[EXERCISE GOAL]:
Ignoring every picture, return the lines of the listing below word for word, from the line that holds "troy_thebikeguy" through the line that holds "Tool Suitable For".

[RECORDS TO USE]:
▽

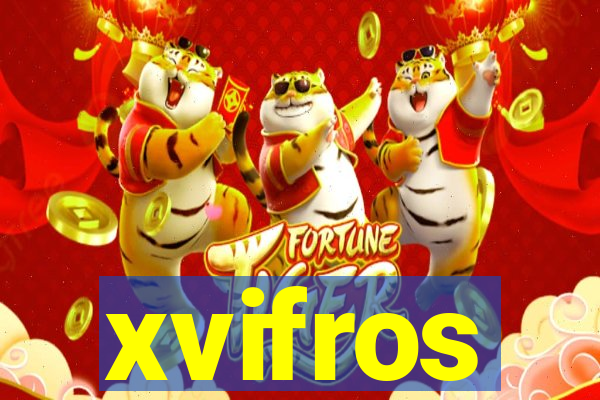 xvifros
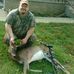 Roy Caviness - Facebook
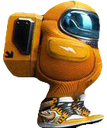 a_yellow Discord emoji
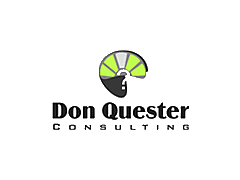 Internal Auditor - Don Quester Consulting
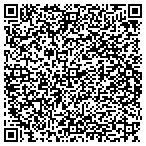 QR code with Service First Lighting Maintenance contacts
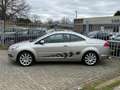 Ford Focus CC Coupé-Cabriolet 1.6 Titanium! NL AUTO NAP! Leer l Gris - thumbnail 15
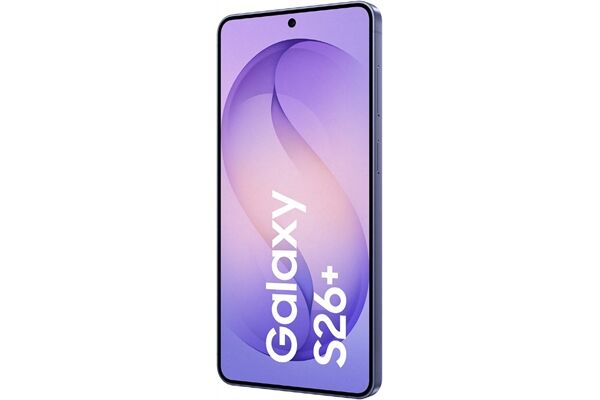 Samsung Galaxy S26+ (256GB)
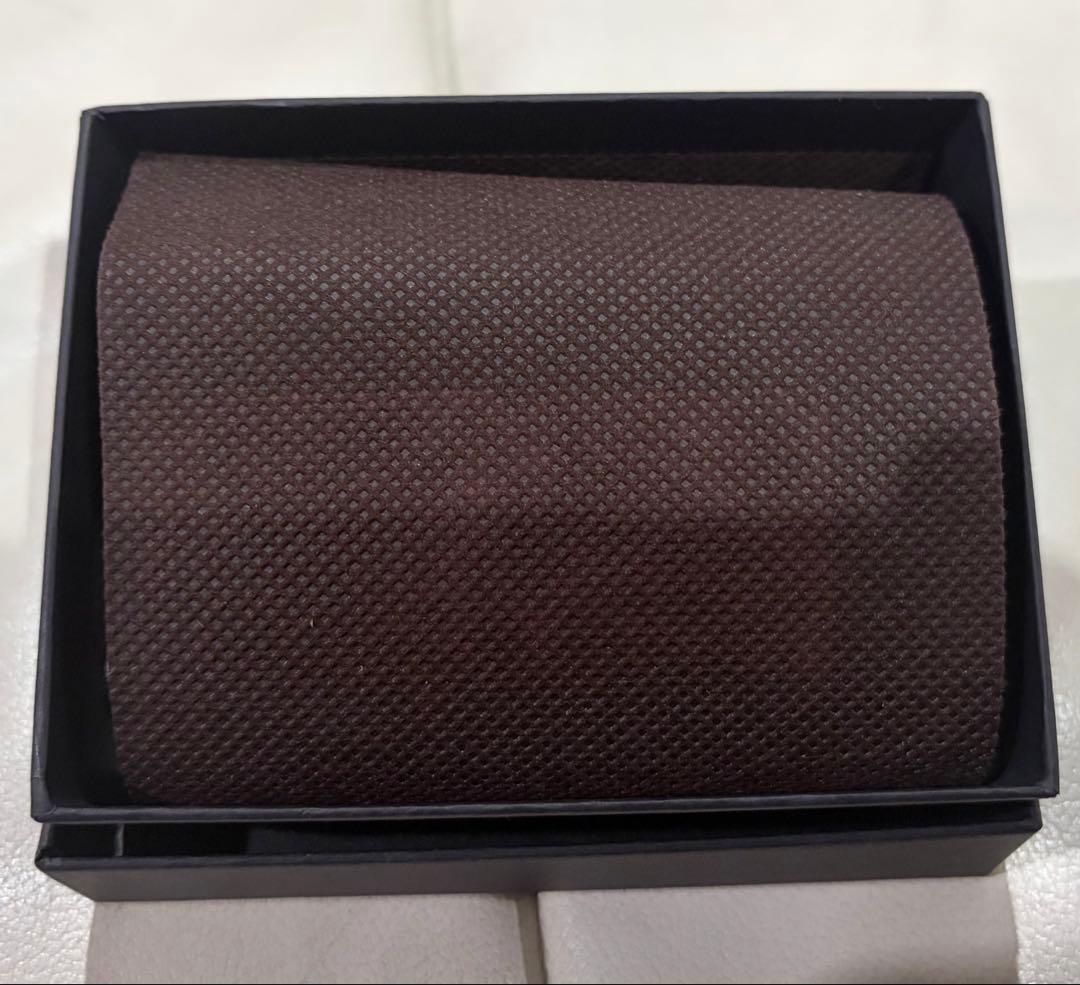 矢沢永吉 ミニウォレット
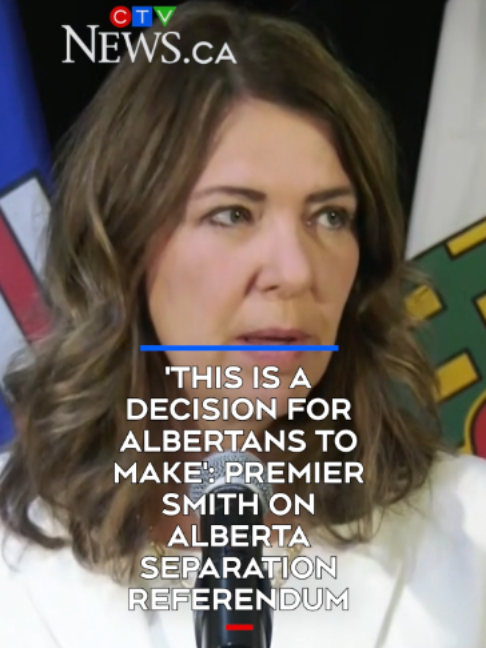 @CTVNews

△
▽

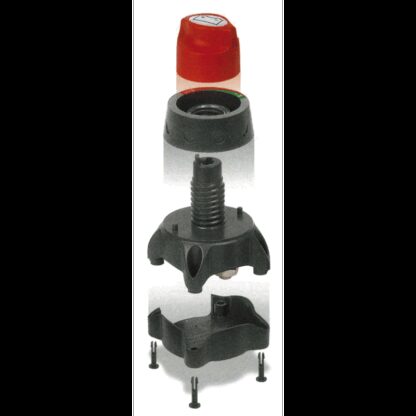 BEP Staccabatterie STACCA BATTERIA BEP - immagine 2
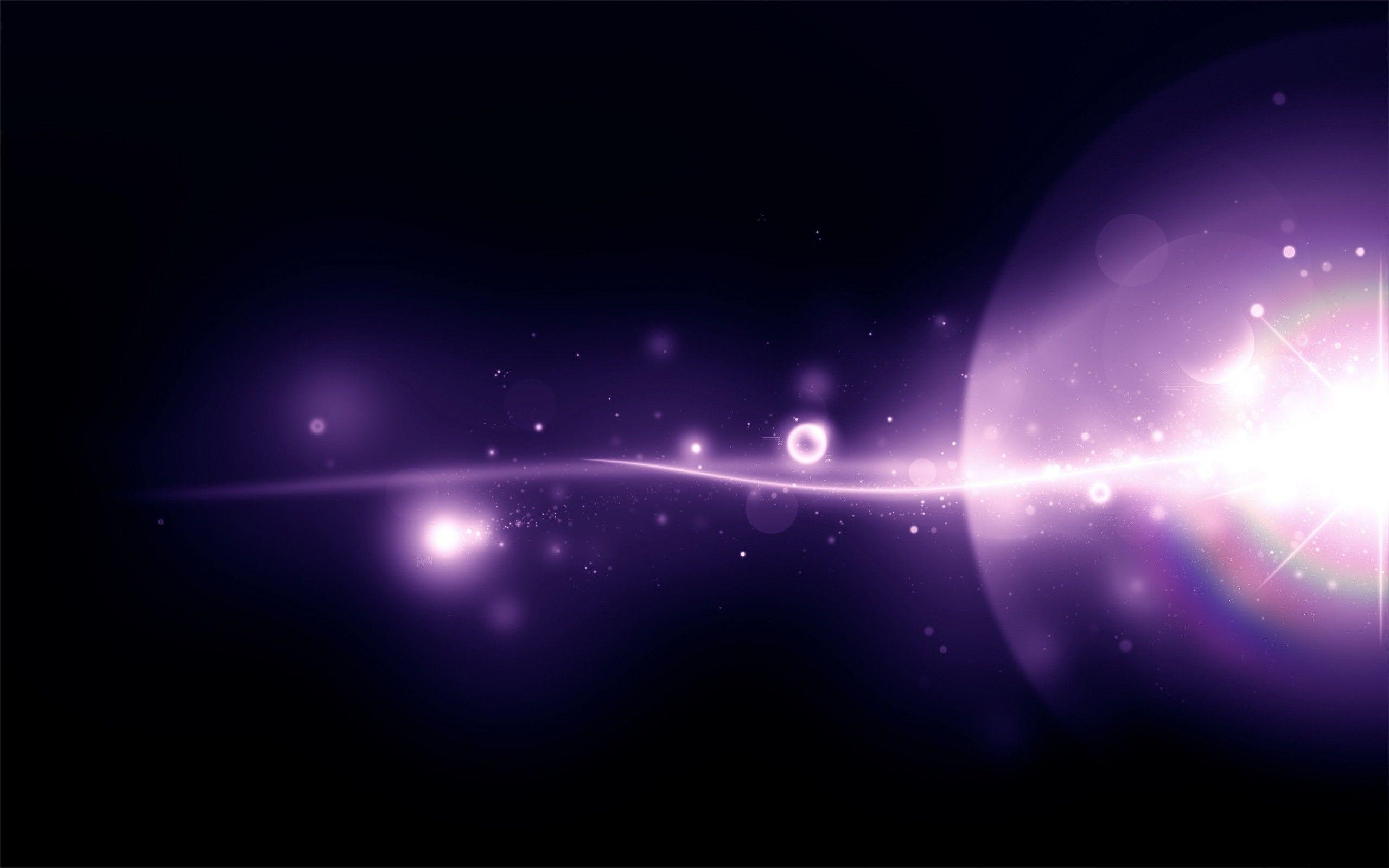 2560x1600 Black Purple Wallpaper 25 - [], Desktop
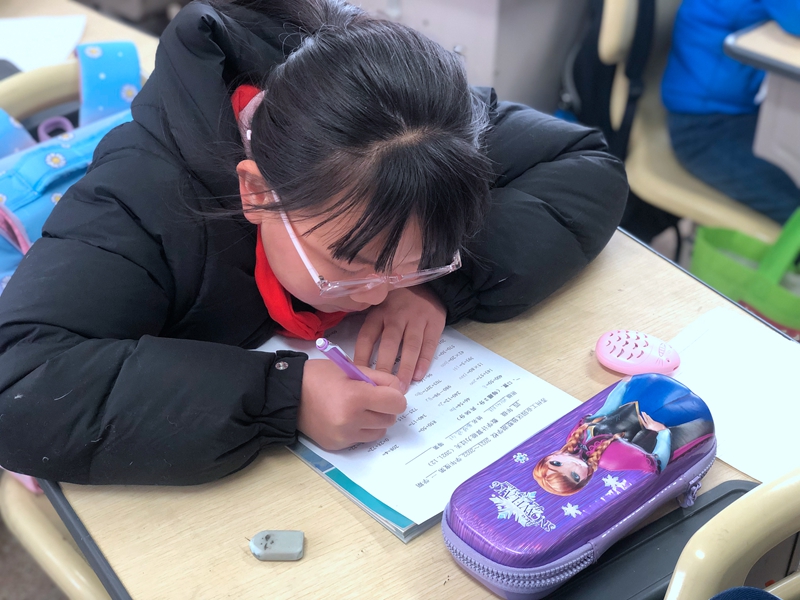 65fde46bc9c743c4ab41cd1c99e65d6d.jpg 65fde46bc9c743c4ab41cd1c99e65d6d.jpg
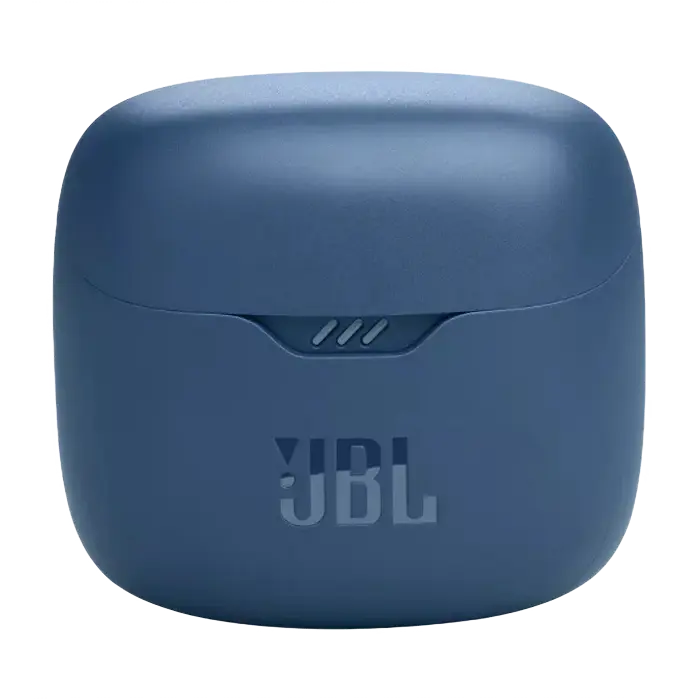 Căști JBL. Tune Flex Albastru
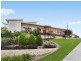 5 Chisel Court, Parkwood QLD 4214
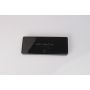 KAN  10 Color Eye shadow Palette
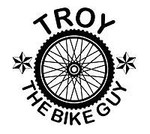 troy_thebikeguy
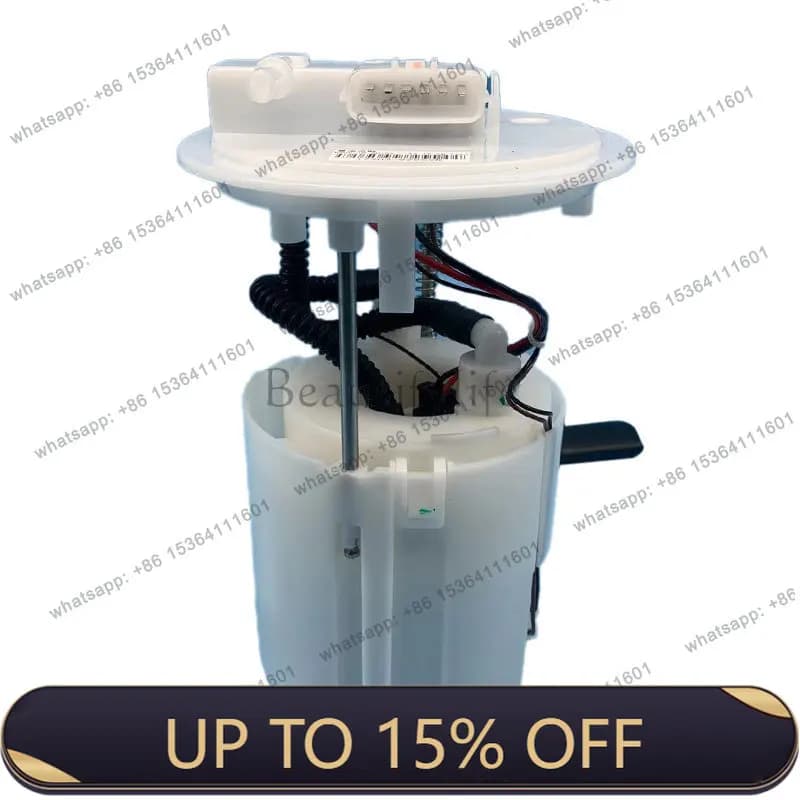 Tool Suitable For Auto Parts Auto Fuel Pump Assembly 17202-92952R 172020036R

△

[OUTPUT OF THE TASK]:
 troy_thebikeguy
 Tool Suitable For Auto Parts Auto Fuel Pump Assembly 17202-92952R 172020036R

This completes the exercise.